[Exercise aim] The lines from the first line of the entries through the line containing "Arbuxzuy Small Bathroom" are to be repeated exactly, with both of those lines included.

[Scraped caption text data]
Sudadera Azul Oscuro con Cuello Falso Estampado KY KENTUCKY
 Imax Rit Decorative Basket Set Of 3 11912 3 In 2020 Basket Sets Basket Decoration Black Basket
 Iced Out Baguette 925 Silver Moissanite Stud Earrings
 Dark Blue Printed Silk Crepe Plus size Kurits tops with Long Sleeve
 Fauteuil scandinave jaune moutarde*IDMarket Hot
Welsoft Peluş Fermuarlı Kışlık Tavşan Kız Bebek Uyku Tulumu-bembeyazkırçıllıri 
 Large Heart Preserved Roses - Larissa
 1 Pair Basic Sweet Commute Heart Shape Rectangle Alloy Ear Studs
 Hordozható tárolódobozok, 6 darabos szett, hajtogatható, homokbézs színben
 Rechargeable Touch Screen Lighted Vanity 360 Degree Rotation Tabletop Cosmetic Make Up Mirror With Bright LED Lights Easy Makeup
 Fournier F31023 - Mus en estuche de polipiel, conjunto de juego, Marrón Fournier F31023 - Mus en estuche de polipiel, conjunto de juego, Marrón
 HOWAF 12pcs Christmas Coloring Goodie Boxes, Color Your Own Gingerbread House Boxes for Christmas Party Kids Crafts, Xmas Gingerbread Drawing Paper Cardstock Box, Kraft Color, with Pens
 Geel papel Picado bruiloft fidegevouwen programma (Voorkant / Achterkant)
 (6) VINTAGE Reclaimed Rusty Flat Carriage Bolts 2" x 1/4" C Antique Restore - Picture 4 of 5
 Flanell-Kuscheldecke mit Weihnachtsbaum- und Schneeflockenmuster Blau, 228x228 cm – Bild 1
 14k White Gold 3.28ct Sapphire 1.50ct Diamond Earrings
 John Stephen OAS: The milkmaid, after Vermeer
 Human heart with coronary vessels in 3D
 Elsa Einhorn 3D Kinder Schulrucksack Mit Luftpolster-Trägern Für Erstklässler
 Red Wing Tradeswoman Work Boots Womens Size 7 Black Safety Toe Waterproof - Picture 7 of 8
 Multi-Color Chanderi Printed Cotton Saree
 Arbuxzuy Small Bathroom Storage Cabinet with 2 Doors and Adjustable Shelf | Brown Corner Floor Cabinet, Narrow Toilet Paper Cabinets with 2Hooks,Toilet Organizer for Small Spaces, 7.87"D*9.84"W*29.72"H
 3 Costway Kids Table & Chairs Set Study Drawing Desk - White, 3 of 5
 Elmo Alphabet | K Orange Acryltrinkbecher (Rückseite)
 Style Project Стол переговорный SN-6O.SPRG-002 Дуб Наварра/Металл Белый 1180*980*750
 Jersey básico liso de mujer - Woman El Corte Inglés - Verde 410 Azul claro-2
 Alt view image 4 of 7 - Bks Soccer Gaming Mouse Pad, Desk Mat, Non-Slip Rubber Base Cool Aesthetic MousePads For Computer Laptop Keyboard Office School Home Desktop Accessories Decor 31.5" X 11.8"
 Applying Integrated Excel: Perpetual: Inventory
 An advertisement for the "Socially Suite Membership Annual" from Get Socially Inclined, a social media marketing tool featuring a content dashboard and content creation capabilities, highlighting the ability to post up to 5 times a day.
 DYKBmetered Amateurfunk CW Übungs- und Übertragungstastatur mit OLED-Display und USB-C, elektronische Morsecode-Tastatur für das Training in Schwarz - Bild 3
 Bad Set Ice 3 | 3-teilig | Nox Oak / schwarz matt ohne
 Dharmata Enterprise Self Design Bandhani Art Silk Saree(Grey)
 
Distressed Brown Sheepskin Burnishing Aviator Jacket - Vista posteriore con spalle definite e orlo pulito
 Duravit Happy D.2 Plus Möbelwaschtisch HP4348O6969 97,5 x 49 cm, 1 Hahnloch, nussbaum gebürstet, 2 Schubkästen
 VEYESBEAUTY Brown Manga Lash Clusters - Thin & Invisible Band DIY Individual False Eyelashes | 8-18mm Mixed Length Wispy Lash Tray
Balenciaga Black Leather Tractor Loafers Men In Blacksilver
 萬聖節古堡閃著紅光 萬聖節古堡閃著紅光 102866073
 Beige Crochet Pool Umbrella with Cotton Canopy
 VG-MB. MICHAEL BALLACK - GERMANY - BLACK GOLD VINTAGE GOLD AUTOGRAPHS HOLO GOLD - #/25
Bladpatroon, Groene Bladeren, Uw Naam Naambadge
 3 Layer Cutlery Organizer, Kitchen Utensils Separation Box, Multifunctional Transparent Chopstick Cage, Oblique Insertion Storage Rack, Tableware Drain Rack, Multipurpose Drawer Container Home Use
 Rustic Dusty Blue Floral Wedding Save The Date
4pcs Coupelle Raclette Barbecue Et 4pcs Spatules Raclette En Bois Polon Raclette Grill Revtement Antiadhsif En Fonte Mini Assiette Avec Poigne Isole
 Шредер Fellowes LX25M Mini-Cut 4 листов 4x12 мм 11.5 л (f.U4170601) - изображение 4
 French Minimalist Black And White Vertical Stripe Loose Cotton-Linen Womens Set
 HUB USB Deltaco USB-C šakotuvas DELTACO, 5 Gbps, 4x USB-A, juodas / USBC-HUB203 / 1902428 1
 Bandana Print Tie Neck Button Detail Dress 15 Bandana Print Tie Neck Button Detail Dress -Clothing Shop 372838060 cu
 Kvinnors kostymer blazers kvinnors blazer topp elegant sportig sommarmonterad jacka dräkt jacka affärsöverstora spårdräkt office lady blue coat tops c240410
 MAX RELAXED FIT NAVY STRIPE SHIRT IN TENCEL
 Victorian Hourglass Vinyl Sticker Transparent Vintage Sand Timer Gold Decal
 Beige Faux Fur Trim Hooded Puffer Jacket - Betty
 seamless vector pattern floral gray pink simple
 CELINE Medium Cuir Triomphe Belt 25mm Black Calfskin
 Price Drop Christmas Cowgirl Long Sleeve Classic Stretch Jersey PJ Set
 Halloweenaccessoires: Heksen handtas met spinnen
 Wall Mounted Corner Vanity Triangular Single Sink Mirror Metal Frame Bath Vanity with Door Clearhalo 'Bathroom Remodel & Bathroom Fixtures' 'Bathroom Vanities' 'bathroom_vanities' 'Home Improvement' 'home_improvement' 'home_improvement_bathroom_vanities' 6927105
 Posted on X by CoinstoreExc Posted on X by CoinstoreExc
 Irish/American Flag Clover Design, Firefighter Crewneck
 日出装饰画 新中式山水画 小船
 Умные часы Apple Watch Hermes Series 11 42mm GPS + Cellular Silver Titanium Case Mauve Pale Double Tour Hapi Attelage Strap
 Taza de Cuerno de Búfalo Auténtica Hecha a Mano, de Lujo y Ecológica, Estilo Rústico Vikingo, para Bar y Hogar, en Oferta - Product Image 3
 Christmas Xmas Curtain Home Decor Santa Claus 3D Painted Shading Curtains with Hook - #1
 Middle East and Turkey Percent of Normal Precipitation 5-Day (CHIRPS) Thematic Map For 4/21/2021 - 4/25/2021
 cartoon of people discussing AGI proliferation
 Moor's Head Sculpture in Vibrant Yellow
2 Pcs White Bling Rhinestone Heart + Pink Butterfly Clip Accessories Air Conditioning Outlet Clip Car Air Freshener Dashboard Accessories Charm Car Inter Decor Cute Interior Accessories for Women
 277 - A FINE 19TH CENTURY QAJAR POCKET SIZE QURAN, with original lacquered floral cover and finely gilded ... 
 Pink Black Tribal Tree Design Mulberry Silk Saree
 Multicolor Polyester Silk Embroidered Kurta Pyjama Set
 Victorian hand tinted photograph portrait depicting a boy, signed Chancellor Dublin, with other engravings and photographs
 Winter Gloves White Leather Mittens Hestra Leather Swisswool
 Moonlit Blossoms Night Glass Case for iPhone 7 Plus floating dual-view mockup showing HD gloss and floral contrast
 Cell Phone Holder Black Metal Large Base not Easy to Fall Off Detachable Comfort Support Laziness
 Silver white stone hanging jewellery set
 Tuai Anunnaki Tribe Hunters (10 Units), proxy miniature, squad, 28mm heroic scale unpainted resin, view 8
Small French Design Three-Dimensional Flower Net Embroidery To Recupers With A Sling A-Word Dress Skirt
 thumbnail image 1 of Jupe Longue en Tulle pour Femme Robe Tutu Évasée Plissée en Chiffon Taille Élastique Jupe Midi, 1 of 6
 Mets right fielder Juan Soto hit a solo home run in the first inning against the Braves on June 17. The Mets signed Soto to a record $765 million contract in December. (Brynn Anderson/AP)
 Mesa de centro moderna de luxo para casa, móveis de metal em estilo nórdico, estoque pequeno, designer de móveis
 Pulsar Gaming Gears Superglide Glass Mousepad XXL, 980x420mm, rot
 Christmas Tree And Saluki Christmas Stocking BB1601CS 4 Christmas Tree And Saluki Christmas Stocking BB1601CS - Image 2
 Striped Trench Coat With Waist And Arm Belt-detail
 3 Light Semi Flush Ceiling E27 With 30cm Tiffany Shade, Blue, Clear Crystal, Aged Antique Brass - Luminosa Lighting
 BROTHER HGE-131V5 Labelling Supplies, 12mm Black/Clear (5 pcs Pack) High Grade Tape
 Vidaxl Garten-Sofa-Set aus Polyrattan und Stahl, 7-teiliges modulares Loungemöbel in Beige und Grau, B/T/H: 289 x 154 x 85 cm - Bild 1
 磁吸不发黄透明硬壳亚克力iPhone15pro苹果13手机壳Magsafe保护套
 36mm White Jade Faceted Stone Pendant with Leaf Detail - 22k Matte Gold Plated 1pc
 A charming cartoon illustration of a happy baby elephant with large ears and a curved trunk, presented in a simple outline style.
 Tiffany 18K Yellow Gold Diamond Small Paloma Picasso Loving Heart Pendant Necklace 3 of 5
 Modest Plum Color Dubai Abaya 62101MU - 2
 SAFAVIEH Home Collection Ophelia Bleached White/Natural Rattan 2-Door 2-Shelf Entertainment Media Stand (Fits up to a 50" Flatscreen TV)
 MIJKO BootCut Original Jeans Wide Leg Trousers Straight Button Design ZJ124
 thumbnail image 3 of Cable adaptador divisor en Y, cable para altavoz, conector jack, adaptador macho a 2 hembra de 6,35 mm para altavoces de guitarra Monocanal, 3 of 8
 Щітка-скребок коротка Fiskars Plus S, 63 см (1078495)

[Exercise response]
Sudadera Azul Oscuro con Cuello Falso Estampado KY KENTUCKY
 Imax Rit Decorative Basket Set Of 3 11912 3 In 2020 Basket Sets Basket Decoration Black Basket
 Iced Out Baguette 925 Silver Moissanite Stud Earrings
 Dark Blue Printed Silk Crepe Plus size Kurits tops with Long Sleeve
 Fauteuil scandinave jaune moutarde*IDMarket Hot
Welsoft Peluş Fermuarlı Kışlık Tavşan Kız Bebek Uyku Tulumu-bembeyazkırçıllıri 
 Large Heart Preserved Roses - Larissa
 1 Pair Basic Sweet Commute Heart Shape Rectangle Alloy Ear Studs
 Hordozható tárolódobozok, 6 darabos szett, hajtogatható, homokbézs színben
 Rechargeable Touch Screen Lighted Vanity 360 Degree Rotation Tabletop Cosmetic Make Up Mirror With Bright LED Lights Easy Makeup
 Fournier F31023 - Mus en estuche de polipiel, conjunto de juego, Marrón Fournier F31023 - Mus en estuche de polipiel, conjunto de juego, Marrón
 HOWAF 12pcs Christmas Coloring Goodie Boxes, Color Your Own Gingerbread House Boxes for Christmas Party Kids Crafts, Xmas Gingerbread Drawing Paper Cardstock Box, Kraft Color, with Pens
 Geel papel Picado bruiloft fidegevouwen programma (Voorkant / Achterkant)
 (6) VINTAGE Reclaimed Rusty Flat Carriage Bolts 2" x 1/4" C Antique Restore - Picture 4 of 5
 Flanell-Kuscheldecke mit Weihnachtsbaum- und Schneeflockenmuster Blau, 228x228 cm – Bild 1
 14k White Gold 3.28ct Sapphire 1.50ct Diamond Earrings
 John Stephen OAS: The milkmaid, after Vermeer
 Human heart with coronary vessels in 3D
 Elsa Einhorn 3D Kinder Schulrucksack Mit Luftpolster-Trägern Für Erstklässler
 Red Wing Tradeswoman Work Boots Womens Size 7 Black Safety Toe Waterproof - Picture 7 of 8
 Multi-Color Chanderi Printed Cotton Saree
 Arbuxzuy Small Bathroom Storage Cabinet with 2 Doors and Adjustable Shelf | Brown Corner Floor Cabinet, Narrow Toilet Paper Cabinets with 2Hooks,Toilet Organizer for Small Spaces, 7.87"D*9.84"W*29.72"H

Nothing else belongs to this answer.